Momentum for economic recovery, which was already weak, recently further ebbed, with production, investment and consumption all in the doldrums.
"Exports have continued their trend of decline and the improvements in domestic demand activities such as consumption have weakened, while the sentiments of economic agents have also been sluggish", the bank said.
First quarter GDP growth rate was up a mere 0.5 percentage point from the previous quarter, the lowest since the second quarter of last year when consumption was battered by a Mers outbreak.
Facilities investment fell 7.1 per cent on-quarter, the first negative growth in two years.
South Korea's giant shipbuilders have announced plans to sell assets and cut jobs to reduce debt.
The government and the central bank on Wednesday announced a plan to create a US$9.5-billion fund to help recapitalise policy banks and ease the chilling impact on the financial market from corporate restructuring.

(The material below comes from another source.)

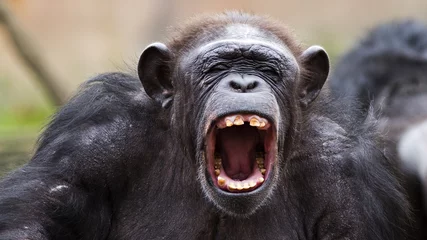 Afwasbaar Fotobehang Aap portrait of a chimpanzee yelling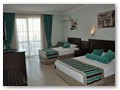 Kleopatra Royal Palm (2)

Finance Minister Yoo Il-Ho said Thursday that slumping exports, which fell six per cent on-year in May, could put further restraint on facility investment and other domestic demand sectors.
He blamed over-supply, excessive regulation and weakening competitiveness for the country's economic woes.
"The cure for reactivating the economy is only to be found in thorough corporate restructuring and industrial reform," he said at a meeting of cabinet ministers.